Furthermore, I don't believe in traditional Western medicine to the extent that most of the experts do. I believe that science informs medicine, and we are grateful for what we've learned. But nevertheless, medicine is an art, not a science. All drugs have side-effects. The decision to use a drug is made when the benefits outweigh the side-effects. But experts who believe in science (to the same extent that I believe in God) oftentimes don't want to acknowledge the downsides of their Wonder Cures. The experts also have too little regard for nutrition. The Cherrix case (the 16 yr old from Chincoteauge who wanted to treat his second bout of cancer through alternative means) is a high-profile example that alternative views are not acceptable. It's not usually okay to tell a doctor "no thank you for the prescription vitamins/minerals" because I serve a lot of raw foods and give my daughter enzymes & probiotics with her Real Food home-cooked meals and let her drink kombucha.

Beyond the alternative views on medicine, what about alternative views on education? Education is not a science either. There is a particular path we are supposed to follow for the education of VCFS kids. I don't like where that path leads. When I went to a few support group meetings, the parents were beside themselves with frustration over their kids' inability to read, do math, get along with the other kids at school. They were spending huge amounts of time fighting the school for appropriate attention for their kids. It was like they were on a hamster's exercise wheel, expending all this energy fighting the system, getting nowhere. Thing is, even at its best, the system isn't giving the kind of results I want for my child. So instead, we here are doing it "wrong." We're not using the textbooks recommended by the experts. We're not on a strict schedule. We're not trying to make this child fit a mold that is wrong for her. And it seems to be working out smashingly well. Math is a struggle and always will be, but Maggie can understand stories, and by all rights, she's not supposed to be able to do that. We get along with each other. She has friends. The doctor commented yesterday on how incredibly well we're coping with the VCFS. Maggie doesn't see herself as a defective person who needs to spend all day every day being tweaked and repaired and improved. This is good.

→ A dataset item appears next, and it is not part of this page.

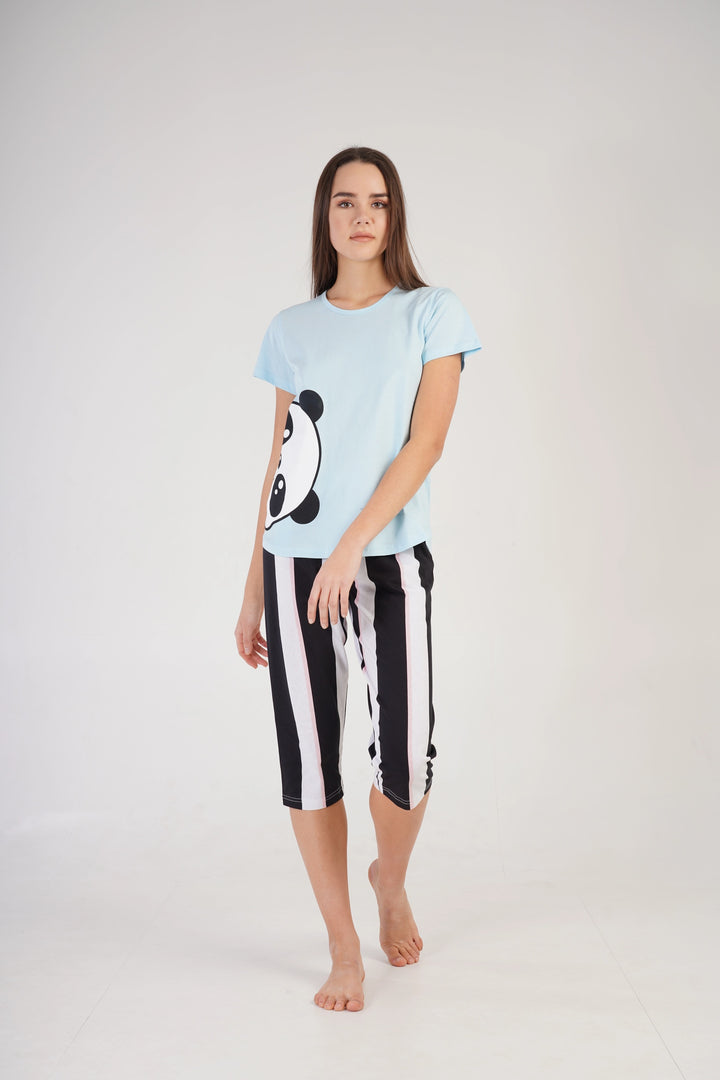 Piżama Damska Vienetta Panda Pals Blue, niebieska, r. S-XL image 3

Everybody thinks the heart surgery was a big deal. Well, I suppose it was. But surgery is a cake-walk compared to these kinds of decisions. Surgery was one big (scary) to-do; a mechanical fix to a misfitted pipe, done and over with in due time. But these decisions are long-term. They influence what we do every day, influence what kind of stories we read, influence the schedule, influence what we eat and when, influence when we can pray. These decisions will impact our thoughts and feelings and relationships and self-esteem and time constraints. These are decisions that put us in a position where we have to tell the experts that we know better than they do what is best for this one particular child. Because medicine is an art, not a science. But try telling that to people whose god is the "science of medicine."

3 comments:

  1. Another insightful post! You sure come up with a lot of them for someone who didn't really want to blog in the first place. :) I'm glad you are blogging because I look forward to your posts.

    Interesting that you wrote this just now... we were just talking on my Ambleside email list about our culture of "professionals" relating to kids with learning disabilities. Can we go back to the place where a mother's instinct meant something?

    ReplyDelete
  2. Susan - did you see the NYT article today about how we are a nation suffering from an overdose of "diagnosis?"
    Maggie has a houseful of books,family who love her, one on one attention, her salvation -- I don't know how you could do her any better.

    ReplyDelete
  3. Taking care of Maggie is your vocation and no one can do it better. The **practice** of medicine is there to help you. It is not their vocation to take care of Maggie or make choices for her. Take their advice or leave their advice -- it is YOUR choice. Obviously, you have chosen well in how you are lovingly raising this child of God.